I told my dad that I had seen the video before, and I even gave him the background on how it came about, which is something I only know because I started regularly reading The Fischbowl along with about four dozen other edublogs in the last three months. He was interested.

During our talk, I also told him about my most recent posting on the English 10 homework blog, where I asked my students to view the video and reflect on it. So I sent him the link to that post and asked him to read what my 10th graders thought when I asked them, Did you know? I could feel myself getting excited as I recounted the story of the video and explained how I had begun experimenting and implementing many different web 2.0 tools. So he read their thoughts and sent me back an e-mail commenting on the perceptive insights he encountered. The only thing that would have made this flat world tale more tidy, would have been if he posted his comments on the blog, triggering a conversation with one of my students. Still, the entire episode is energizing and another example of the many different sides our flat world can have.

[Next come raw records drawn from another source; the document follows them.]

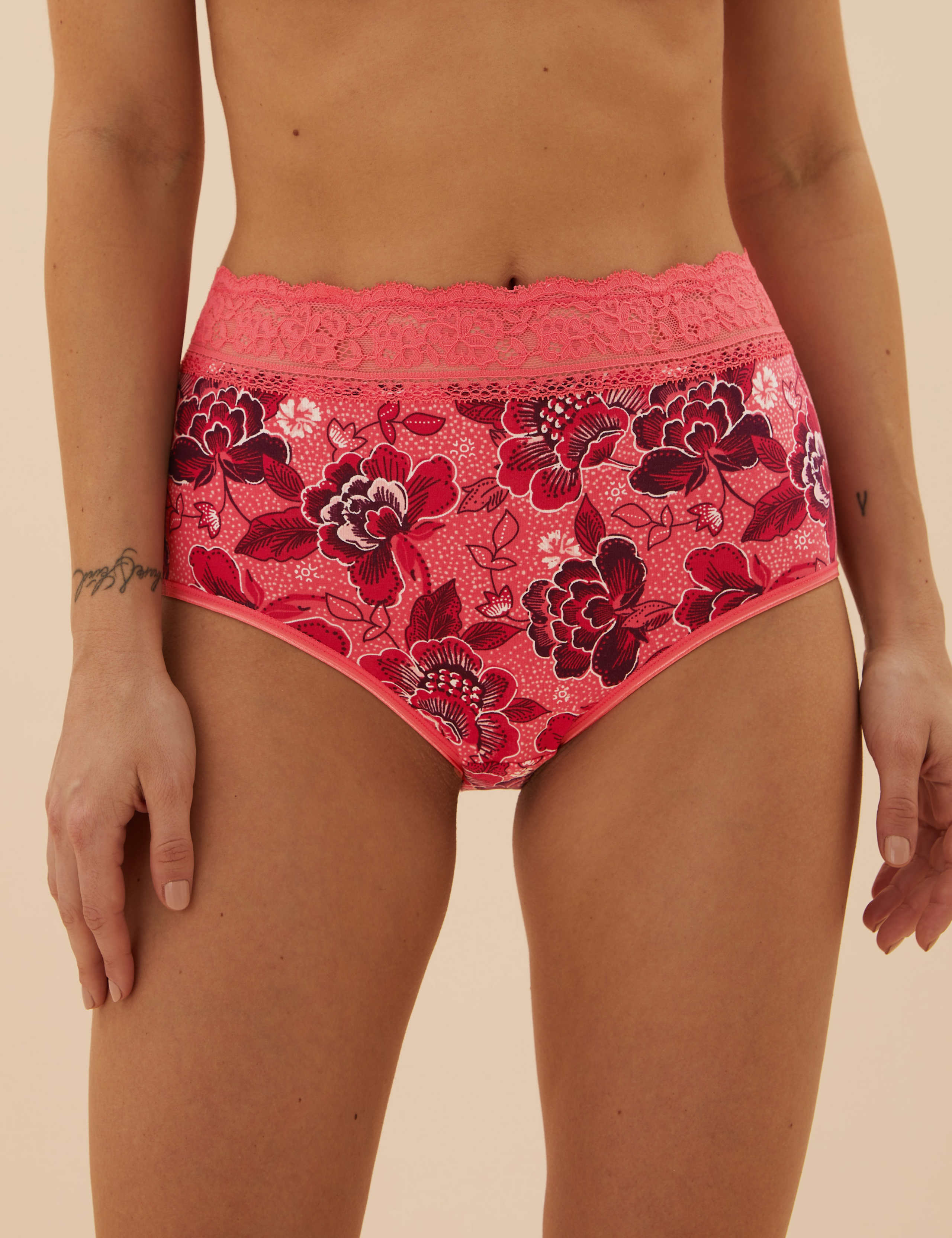 5pk Cotton Lycra® & Lace High Rise Full Briefs 2 of 4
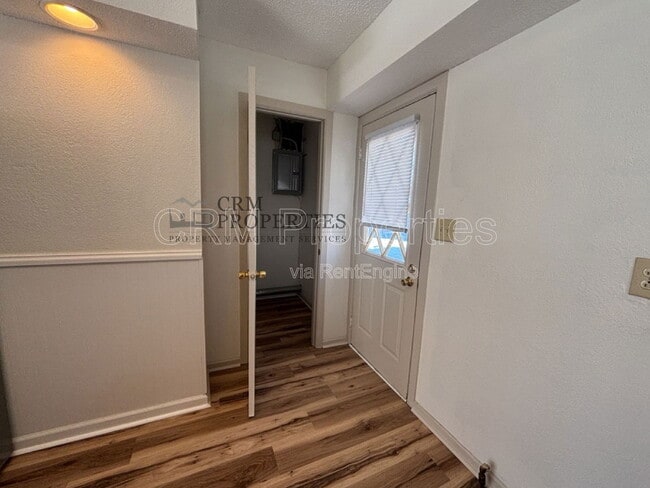 Building Photo - 1008 E Fischer St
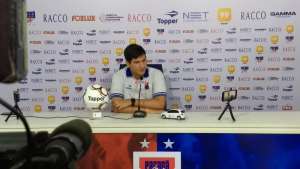 Série B: Após críticas da torcida, elenco do Paraná sai em defesa do treinador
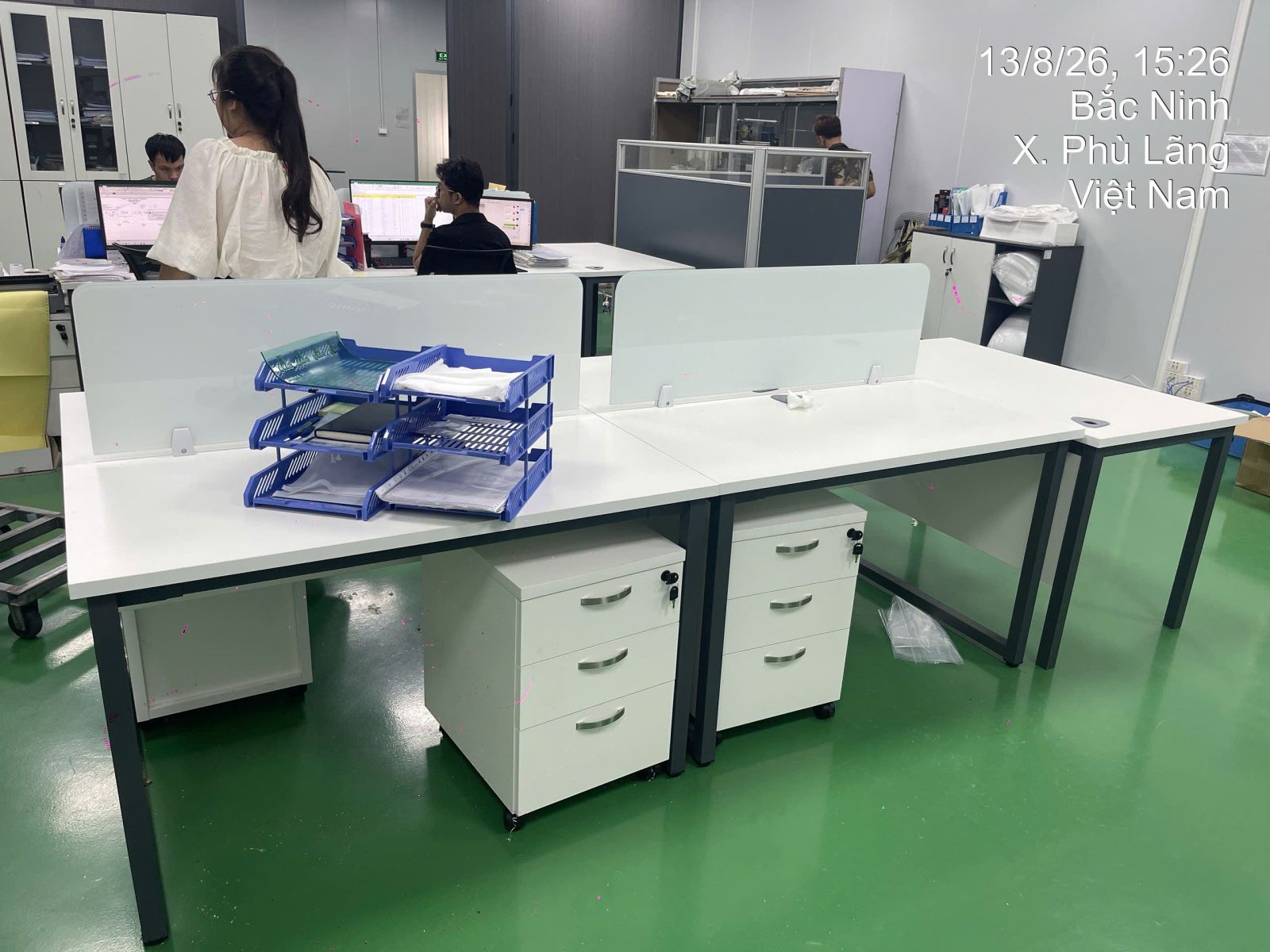 chính sách bảo hành bàn nhân viên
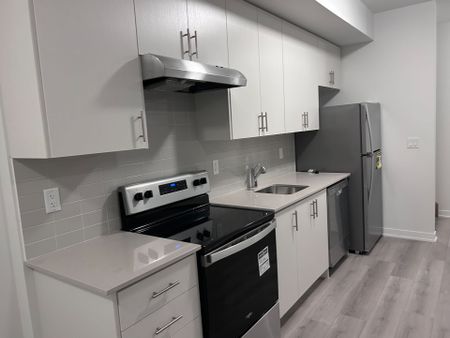 For Lease - 3415 Ridgeway Drive Unit# 4, Mississauga, Ontario - Photo 2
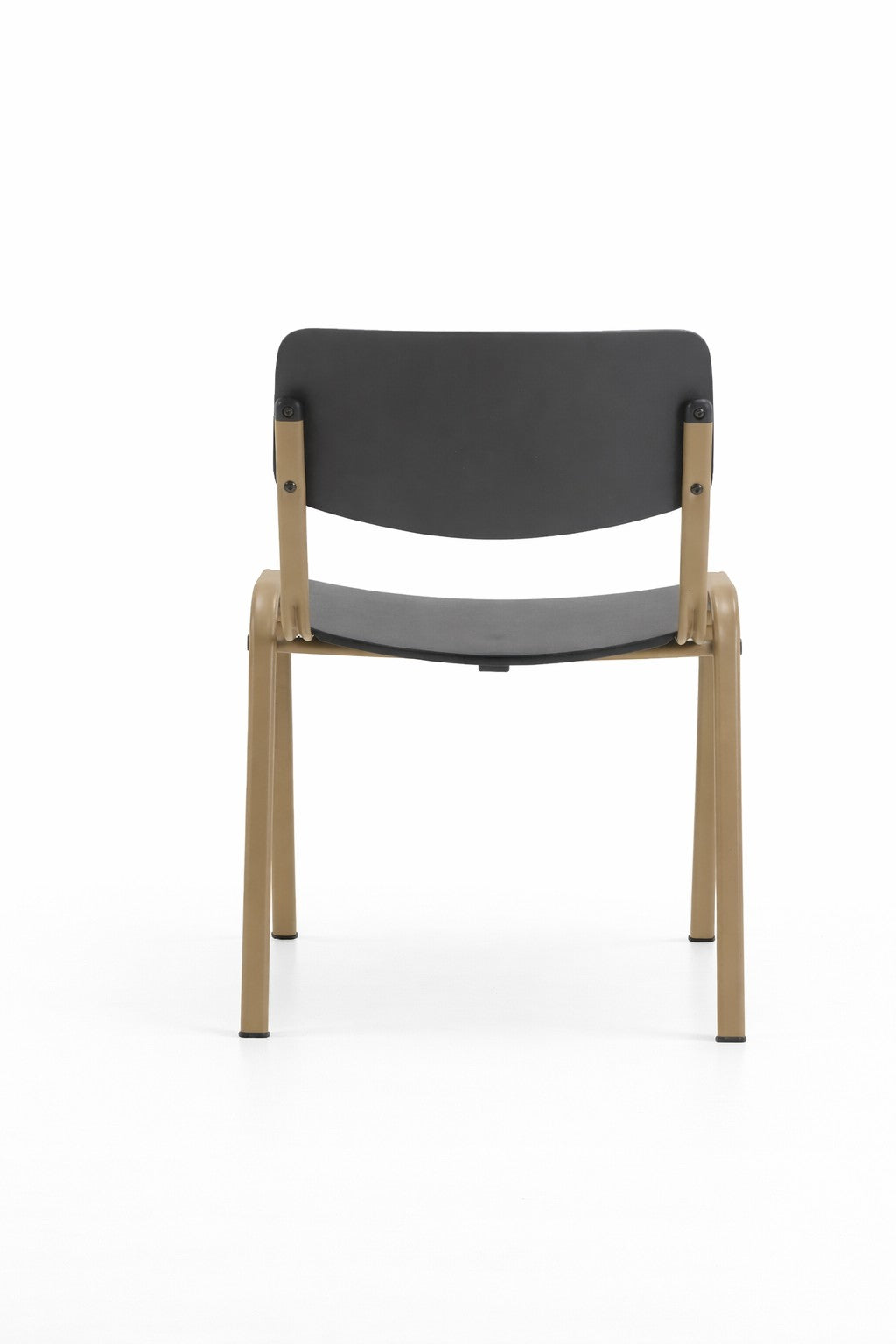 La Chaise de collectivité Suly - Empilable de Monsieur Bureau se caractérise par une assise et un dossier noirs, des pieds et des accoudoirs en bois clair, présentés de dos sur un fond blanc uni - parfait pour les espaces professionnels.#finitions_noir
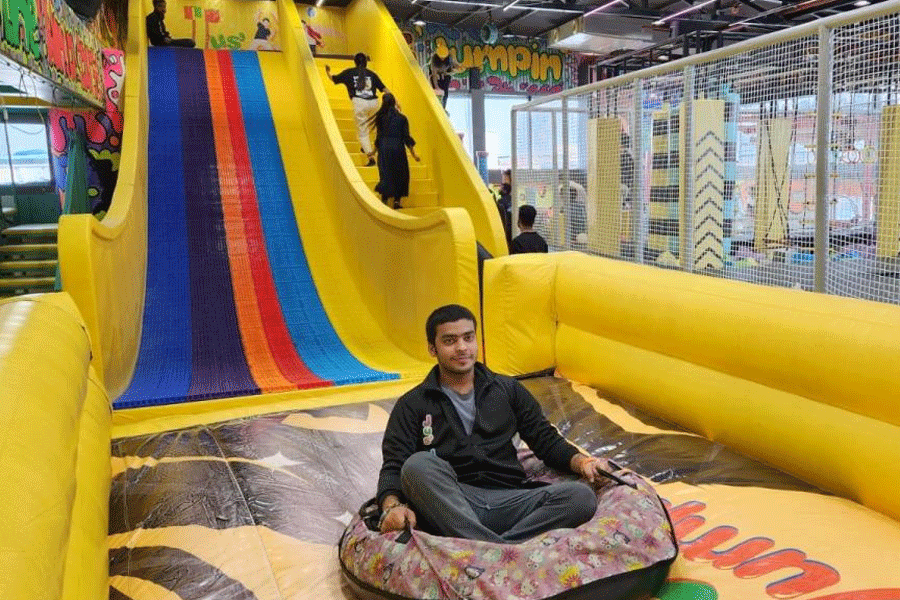 DONUT SLIDE: climb into an inflatable donut-shaped tube, get pushed down a slope and in all probability, end up toppling. This ride, however, requires some balance and so is open only to those above the age of 11.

On a personal side, my first year of teaching started the September after he retired. Like me, he too switched careers and took up teaching around age 30. He's retained a strong interest in my career, but yesterday's exchange was the first time he and I have shared such a solid connection related to actually hands-on teaching. Chalk it up to another positive from our ever-growing technology.

I thought I knew before, but now I guess I know even better.

1 comment:

Karl Fisch said...

"The only thing that would have made this flat world tale more tidy, would have been if he posted his comments on the blog . . ."

Well, can't he still do that? Or can't you do it for him?

BTW, this is a great story. Thanks for sharing it.